• [EXERCISE DIRECTIONS]:
Once you find the line with "MITSUBISHI CANTER 2024 Image 31" in the entries below, print it and each line after it up to and including the line with "Fabletics Fabletics Leggings", exactly, without pictures.

MATERIAL FOR THE TASK below:

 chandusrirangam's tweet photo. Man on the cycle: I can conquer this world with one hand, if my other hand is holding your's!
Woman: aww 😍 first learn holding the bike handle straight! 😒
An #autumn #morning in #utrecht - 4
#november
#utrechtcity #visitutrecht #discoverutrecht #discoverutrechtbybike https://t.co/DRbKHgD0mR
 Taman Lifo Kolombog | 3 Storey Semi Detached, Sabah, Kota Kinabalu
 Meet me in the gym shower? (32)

End of MATERIAL FOR THE TASK.
MATERIAL FOR THE TASK below:

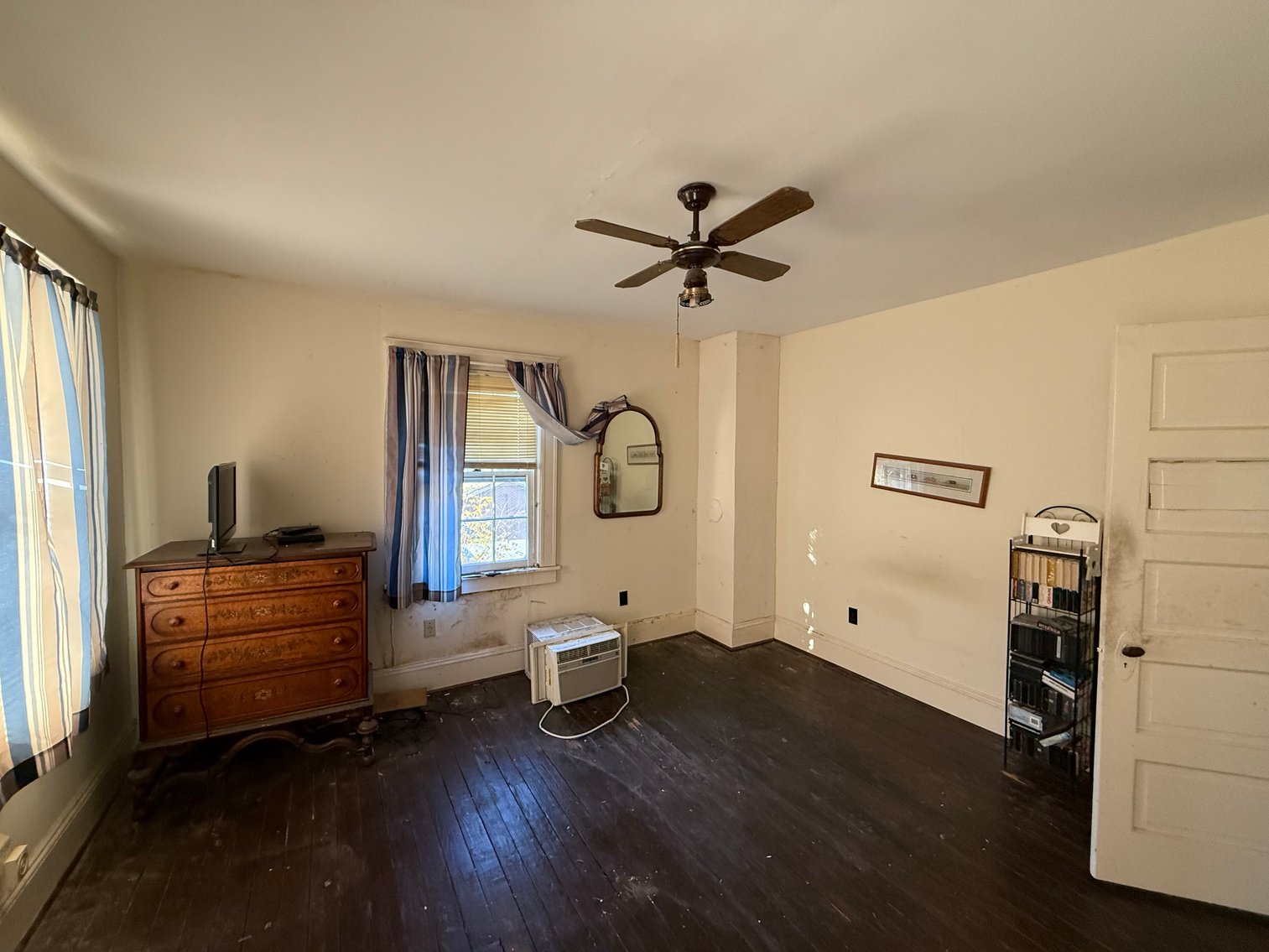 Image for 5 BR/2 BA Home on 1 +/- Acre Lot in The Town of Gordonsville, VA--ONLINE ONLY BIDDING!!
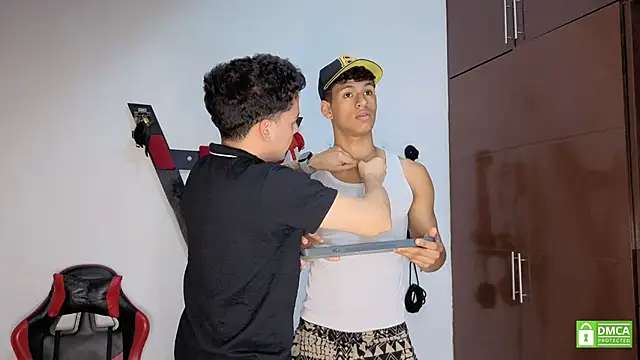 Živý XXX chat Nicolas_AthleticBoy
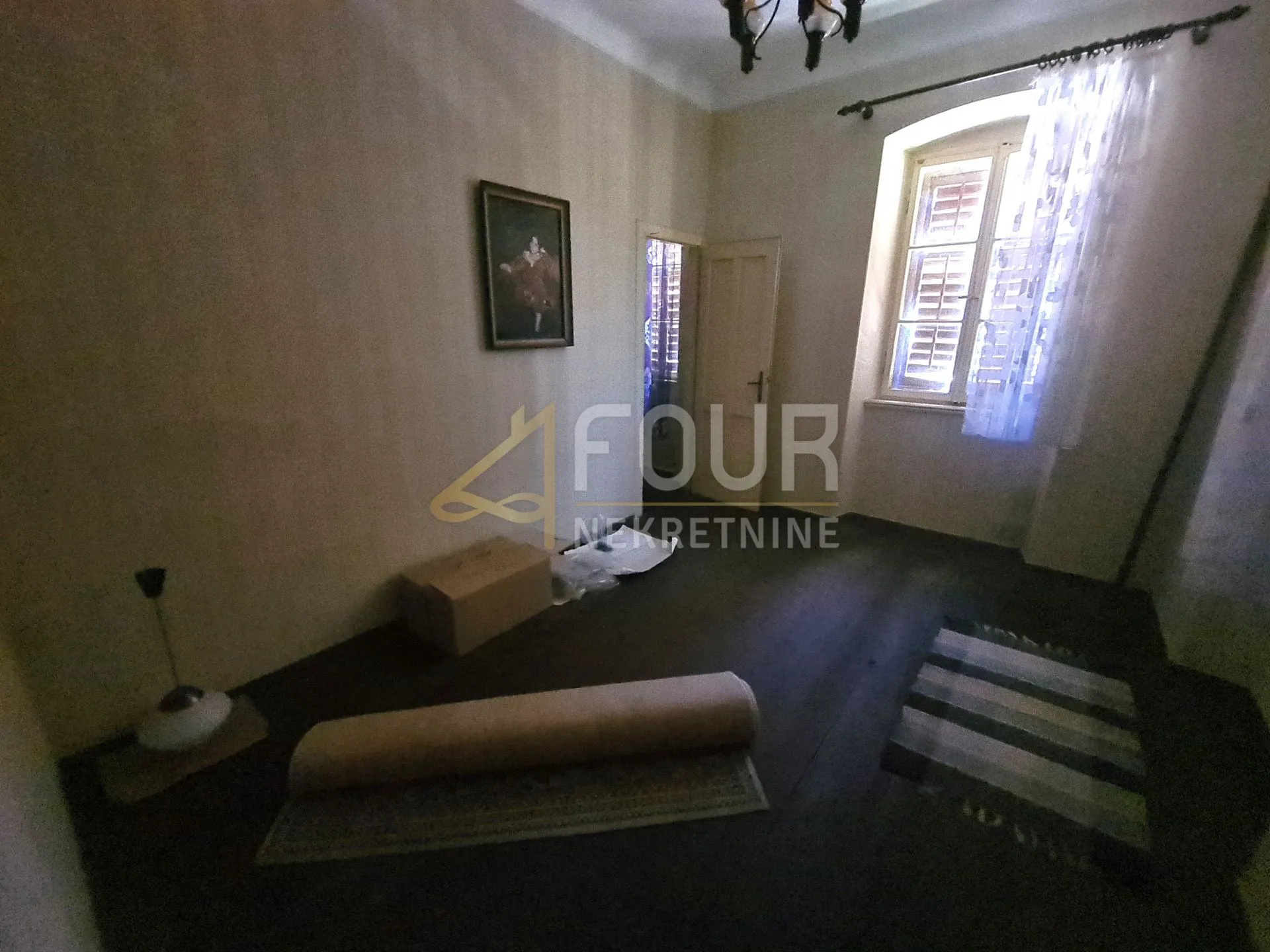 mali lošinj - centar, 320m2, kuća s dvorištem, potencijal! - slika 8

End of MATERIAL FOR THE TASK.
MATERIAL FOR THE TASK below:

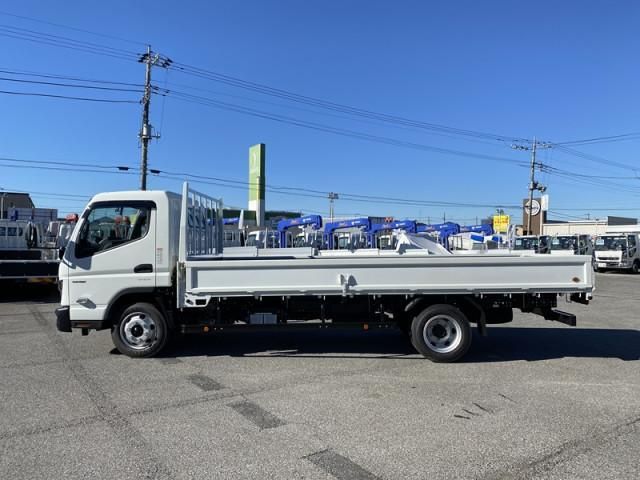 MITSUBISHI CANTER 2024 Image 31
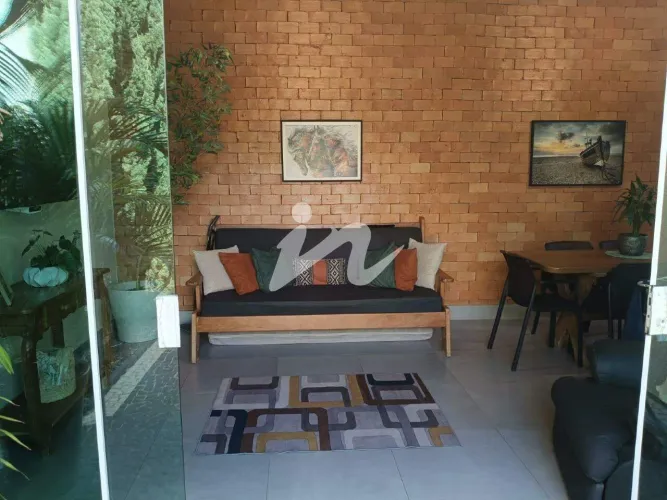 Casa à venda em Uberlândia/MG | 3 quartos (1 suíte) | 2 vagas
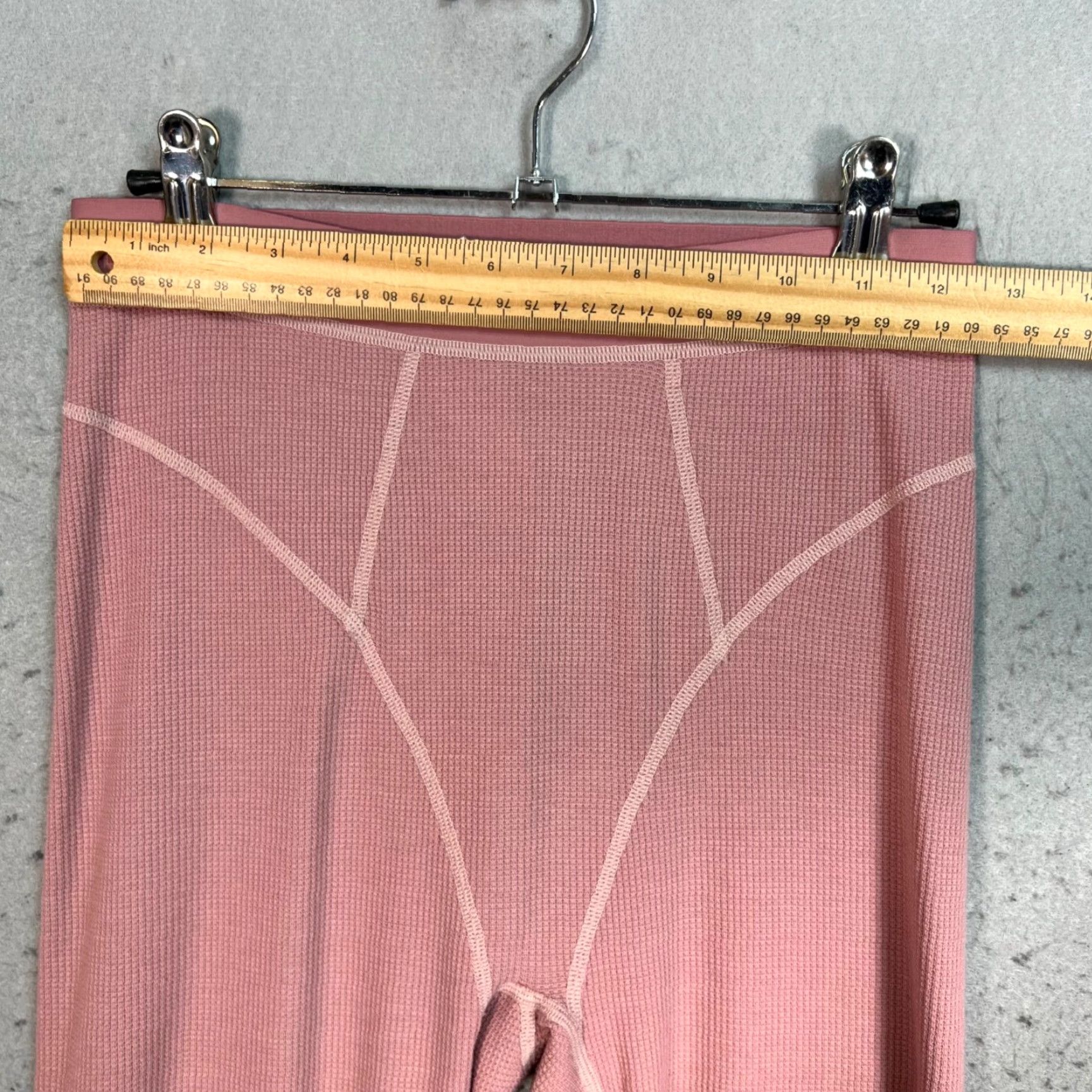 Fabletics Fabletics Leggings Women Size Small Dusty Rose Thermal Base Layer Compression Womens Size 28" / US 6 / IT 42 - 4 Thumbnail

End of MATERIAL FOR THE TASK.

• [RESPONSE BOX]:
 MITSUBISHI CANTER 2024 Image 31
 Casa à venda em Uberlândia/MG | 3 quartos (1 suíte) | 2 vagas
 Fabletics Fabletics Leggings Women Size Small Dusty Rose Thermal Base Layer Compression Womens Size 28" / US 6 / IT 42 - 4 Thumbnail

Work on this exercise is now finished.